The Dodgers lost to the Texas Rangers on Wednesday night when 23-year-old Dodgers rookie outfielder Andy Pages made a rookie mistake.
With two outs in the bottom of the ninth and Dodgers catcher Will Smith on first base (having led off the inning with a single to left) and with his team trailing 3-1, the popular La Habana, Cuba native reached first base on a five-pitch walk representing the tying run. His walk was followed by a clutch double to right-center field by Dodgers right fielder Jason Heyward scoring Smith. The ball was momentarily bobbled by Rangers center fielder Leody Taveras.
For reasons only he knows, that brief bobble caused Pages to completely ignore Dodgers third base coach Dino Ebel‘s stop sign, as Taveras fired an absolute bullet to Rangers second baseman Marcus Semien who, in turn, fired a dart to Rangers catcher Jonah Heim to nail Pages at the plate by a good four feet.

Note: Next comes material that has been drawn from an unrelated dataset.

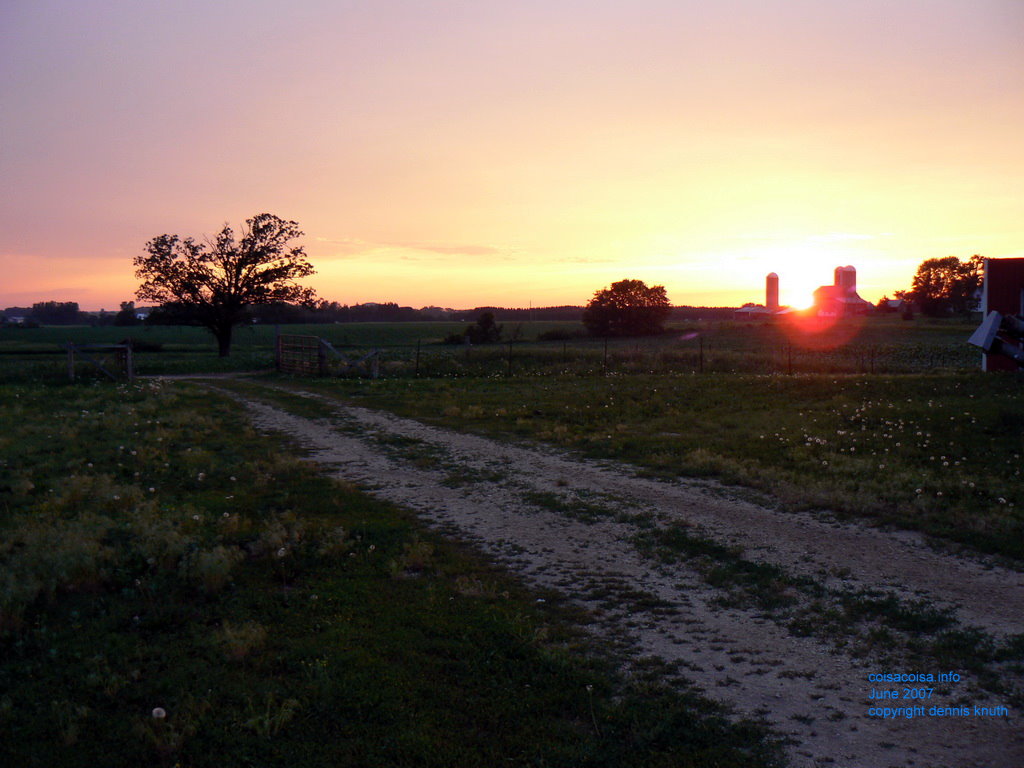 Wisconsin country lane at sunset in June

“No, I didn’t see Dino’s stop sign. I saw the center fielder bobble the ball and I just kept going,” Pages answered the obvious question postgame through an interpreter. “I knew I was going to get to third base easily when I saw him bobble the ball. I knew I was going to try to score no matter what, ’cause I knew I was the tying run.”

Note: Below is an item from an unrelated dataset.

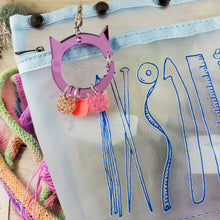 Cat Stitch Marker Holder Bag Charm - Lavender Mirror Acrylic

The unasked (and burning) question was: If you knew you were “…going to get to third base easily,” why on earth wouldn’t you with your 49 games of MLB experience be looking directly at Dino Ebel with his 18 years of MLB experience?
Obviously, there’s no way of knowing if Pages would have scored had he not blown Ebel’s stop sign. But you gotta like their chances with who the next batter would have been. Yep, .309-hitting future Hall of Famer Mookie Betts.
A rookie mistake if ever there was one.
Play Ball!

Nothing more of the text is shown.